Two years later, the city still has the same problems, including painfully high levels of crime, and additionally faces two new crises–the migrant crush and a financial calamity.
Good luck defending that record to voters.
Meanwhile, there is plenty of fat in the budget, which is now pegged at $110 billion.
A decade ago, it was $49 billion.
But Adams has proven to be much better at adding cronies to the payroll than keeping a tight rein on spending and setting priorities.
His deals with municipal unions are more expensive than necessary because he didn’t demand givebacks to reduce costs to taxpayers.
While it’s true he’s gotten little help from fellow Democrats Biden or Gov. Hochul, it’s also true Adams squandered his leverage.
His endorsement of Hochul was critical in her tight re-election, but he gave it to her without getting the criminal justice reforms he wanted.
As for Biden, Adams could have joined the chorus of mostly-GOP governors who blasted the flood of migrants through the open border.
Instead he chose to play loyal Dem while assuming Biden would pick up the city’s costs.

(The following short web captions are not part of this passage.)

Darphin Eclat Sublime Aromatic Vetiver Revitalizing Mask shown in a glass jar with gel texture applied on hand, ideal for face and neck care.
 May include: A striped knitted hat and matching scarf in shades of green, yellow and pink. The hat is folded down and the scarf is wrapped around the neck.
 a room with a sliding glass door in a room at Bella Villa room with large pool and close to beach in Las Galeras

Again, he got nothing for his support. No matter the time, it’s always amateur hour.
What could be a turning point in his tenure came Nov. 2, when his personal interest and civic duty collided.
Waiting for his plane to take off, he touted a long-sought meeting with White House officials over migrant costs.
But by the time he landed, he learned about the FBI raid on the home of his top fund-raising aide and bailed on the meeting to catch the next plane back to New York.
His excuses were lame, but revealing.
The city is on its own.
‘Anti-Zionism’ just a hate rebranding
An excerpt from a 2015 speech by the late British Rabbi Jonathan Sacks:
“And let me therefore explain to you what makes the new antisemitism different from its predecessors.”
“Three things. Number one, in the Middle Ages, Jews were hated for their religion. In the 19th and early 20th century, they were hated for their race.”
“Today they are hated for their nation-state, and that is radically new, and that is what makes anti-Zionism.”
“Not criticism of Israel. I mean, for heaven’s sake, I don’t know any Israeli who doesn’t criticize Israel, so criticizing Israel does not make you an antisemite, but anti-Zionism.”
“The idea that Israel alone — I mean, there are 102 countries of the United Nations in which a majority of the population is Christian.”
“There are 57 members of the [Organization of Islamic Cooperation].”
“That Jews should have one country of their own is one too many — that is the new mode of antisemitism.”